Vitgracer/DinoV3-Object-Tracking

Repository files navigation

Visits GitHub last commit GitHub repo size GitHub stars GitHub forks Python

Blogpost

🎉 DINOv3 Object Tracking Demo

⚠️ It is not an official Meta product.

This project shows how to track objects in videos using the powerful DINOv3 model. Let's dive in! 🏊‍♂️


🦖 What is DINOv3?

DINOv3 is a self-supervised vision transformer (ViT) model created by Meta.
It can:

  • Understand images without needing labeled data
  • Produce super-robust feature embeddings for image patches
  • Can be used for image segmentation, object tracking, zero-shot classification, and more
  • Works even if the object rotates, scales, or changes appearance

🤓 In short: DinoV3 just knows. Everything. Period.

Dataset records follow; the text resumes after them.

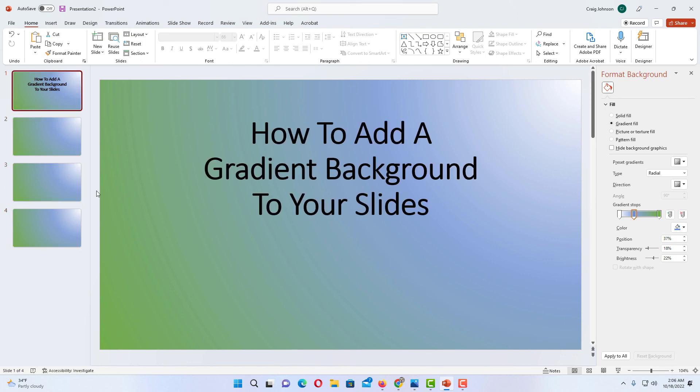That is how you add a gradient background in Microsoft PowerPoint. Thanks for watching.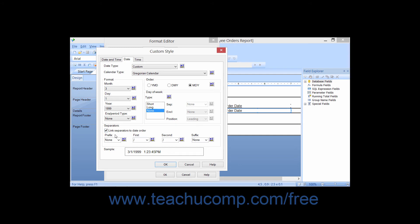Below that, you can use the Prefix box to create a prefix for the date, such as the word date. You can also specify a first and second separator character to be used between the three elements of the date display. You can then type any desired suffix value that you want to display after the date values into the suffix text box drop-down.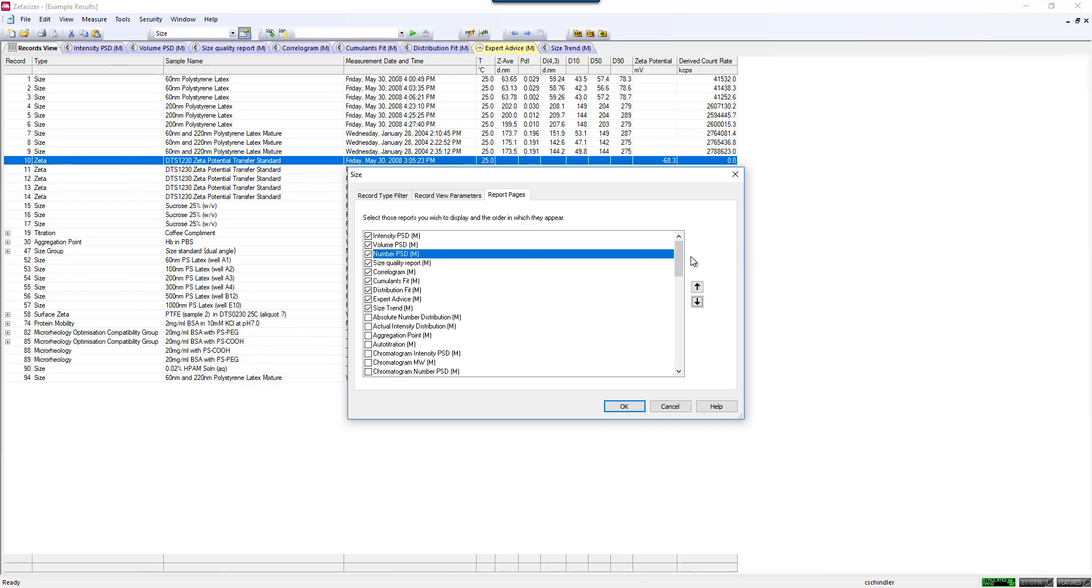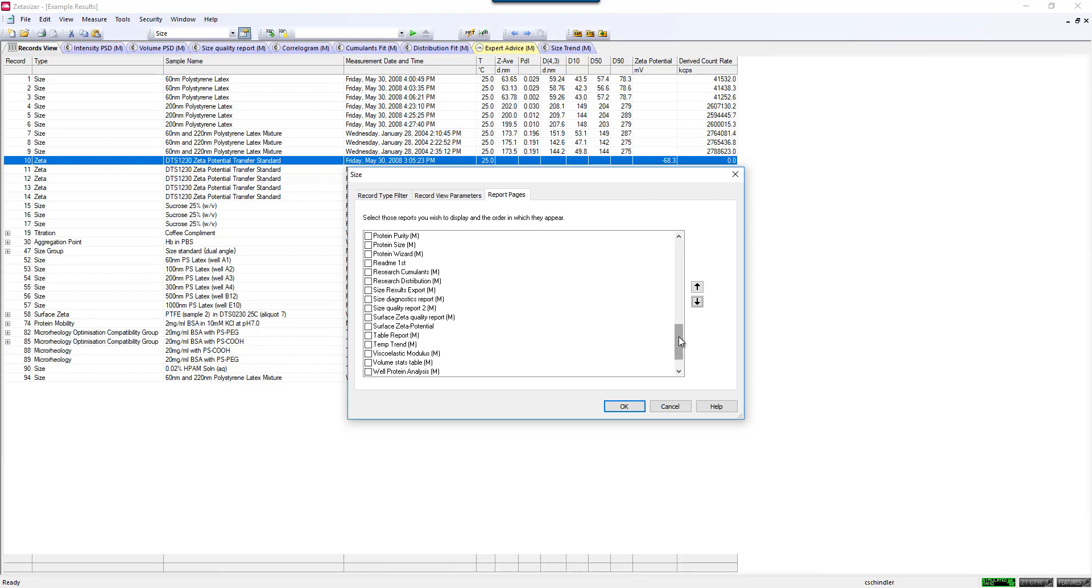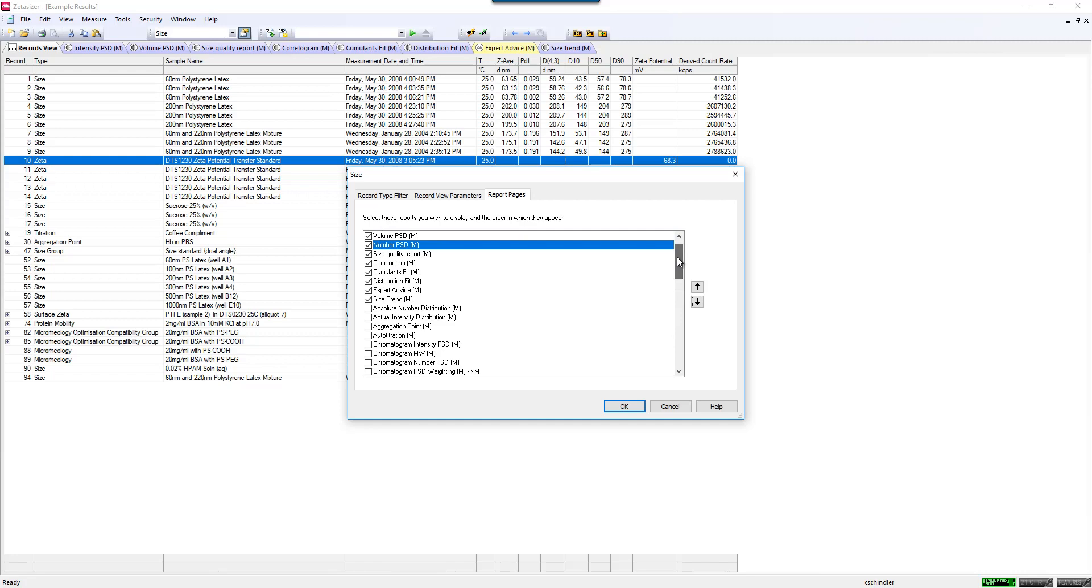Another one that I'll point out is the size trend, and I think I've already displayed that one as well. Here's the size trend. That's one where, let's say you're doing a time study and you want to display z average size as a function of different samples, you can easily set up a quick graph in the software.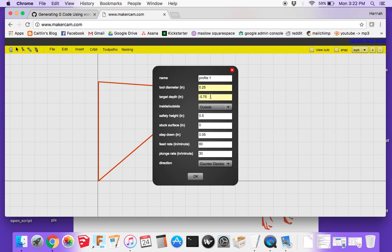To cut through three-quarter-inch material, we usually add 0.05 to make sure you clear all the way through, so setting it to 0.8 works. Inside versus outside determines whether you cut around the outside or inside of the line — we'll keep it on outside. The safety height is how high the bit raises when moving between cuts. Setting it to 0.25 is usually plenty of space to raise out of the material. Keep the stock surface at zero.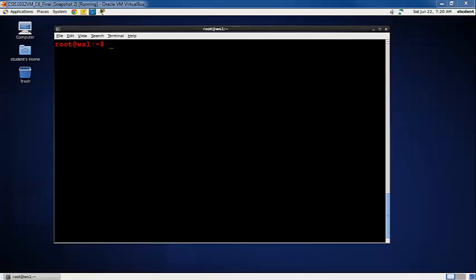In this final video on managing the Linux desktop, I will show you how you can change the default desktop environment that you get when the system starts up.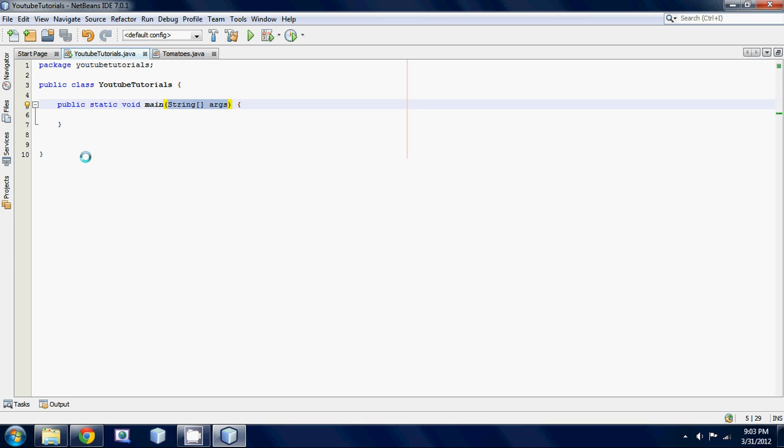So multiple parameters. Today we're just going to be learning about how to pass more than one parameter to our method. Let's get started.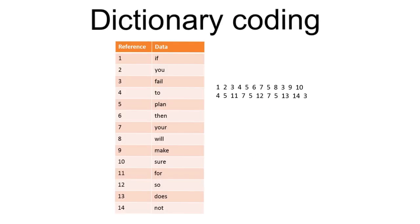We have just looked at the importance of compression in the last video. As you will recall, lossless compression allows for a faithful reconstruction of the original file by a way of encoding data.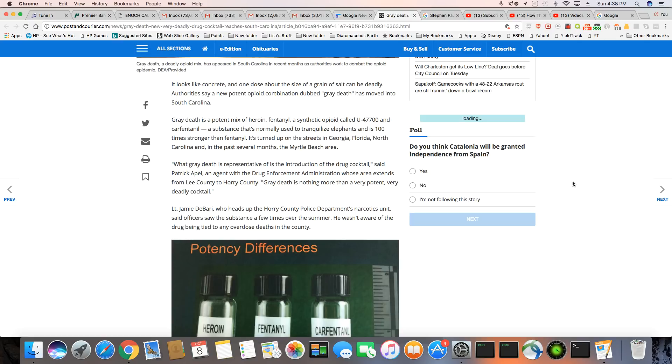A substance that's normally used to tranquilize elephants and is 100 times stronger than fentanyl. It's turned up on the streets in Georgia, Florida, North Carolina, and in the past several months, the Myrtle Beach area.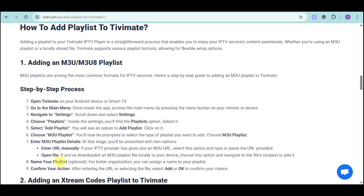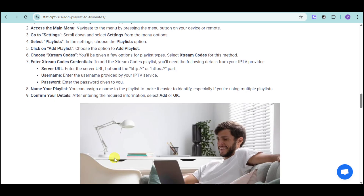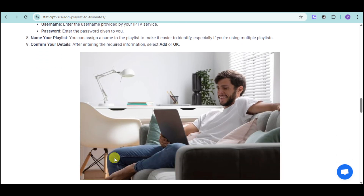You can name your playlist and then confirm the action in order to add it. If you have Xtreme codes, head over and access the playlist again, click on add playlist, and then choose Xtreme codes from the list. Enter the Xtreme codes credentials such as the server URL — make sure to omit the HTTP or HTTPS — and then input the username as well as your password. Name your playlist and then confirm the details, and you should be able to watch from your device.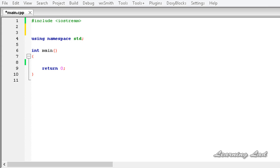Hi, this is Anil and welcome to the video tutorial for Learning Lad on C++ programming. In this tutorial we are going to learn about the conditional compilation macros in C++.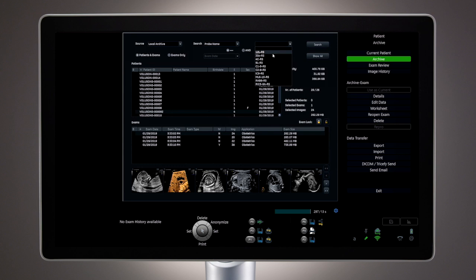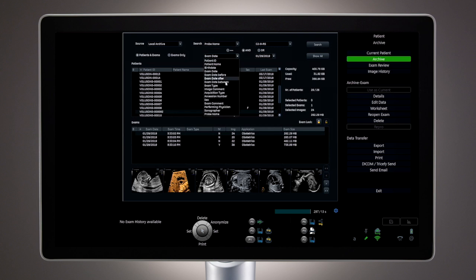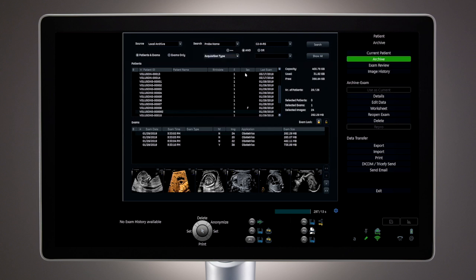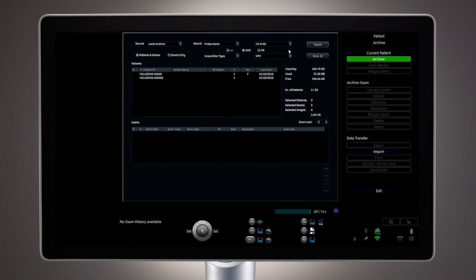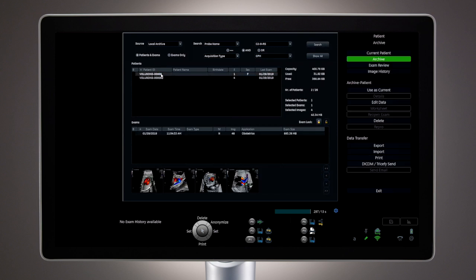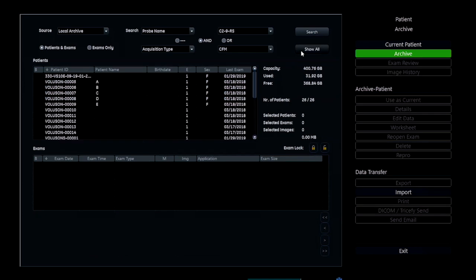The patient archive can be searched using many different filters, as well as a combination of search items to help narrow down the results. Once the criteria are chosen, select Search and images matching the search criteria will be displayed. Select Show All to remove the search filters.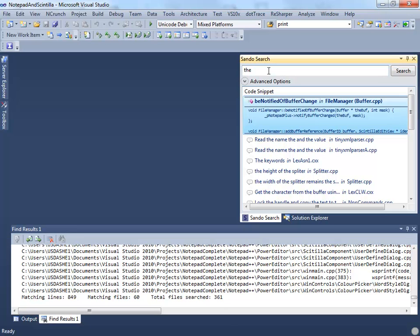If you're working on a C++, C, or C-sharp project, consider switching to Sando, which will certainly improve the effectiveness of your searches. Like me, you may find yourself replacing the Solution Explorer altogether.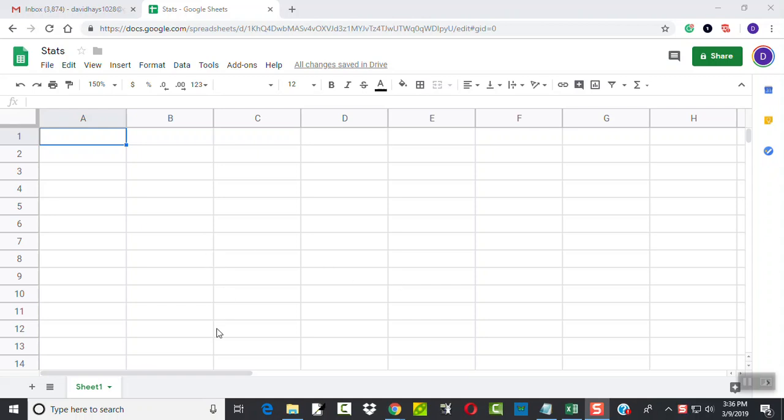Let's take a look at finding the sum of x squared. We have our data values squared, and we want to find the sum of them.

💪 What does this project do?

This project is a fun demo of object tracking on videos using DINOv3.

How it works:

  1. Take the first frame of your video.
  2. Click on the object you want to track using your mouse.
  3. Pass the frame through DINOv3, which splits the image into patches. Each patch gets its own feature vector. We are interested in the feature vector of the user' selected patch.
  4. Compute the cosine similarity between the feature vector of the selected patch and all other patches of other frames.
  5. Use these similarities to create a similarity heatmap. More 🟠 "orange" - more similar!

🏃‍♂️ How to install and run

Step 1: Create a virtual environment

python -m venv dino-venv
source dino-venv/Scripts/activate 

Step 2: Install dependencies

pip install onnxruntime
pip install opencv-python
pip install tqdm matplotlib

Step 3: Download the model

  • Go to HuggingFace ONNX community and download a DINOv3 model.
  • Place it in the model/ folder.
  • We used fp16 ViT-S, but you can try any other variant

Step 4: Config is "all you need" 😅

  • Open config.py and set path_to_input_video to your video file
  • The video will be cropped to a square and resized to 224×224 for convenience

Step 5: RUN!

python run.py
  • The first frame will appear
  • Click on the object you want to track
  • The script will process all frames and save a tracked video 🎥

🔑 Licenses

  • Code in this repository is licensed under the MIT License.
  • The DINOv3 model weights are licensed under the DINOv3 License by Meta.
  • Weights were downloaded from HuggingFace ONNX community.
  • By using the model weights, you agree to the terms of the DINOv3 License.
  • Images/Videos used in this project are sourced from Pixabay and Unsplash under their respective licenses.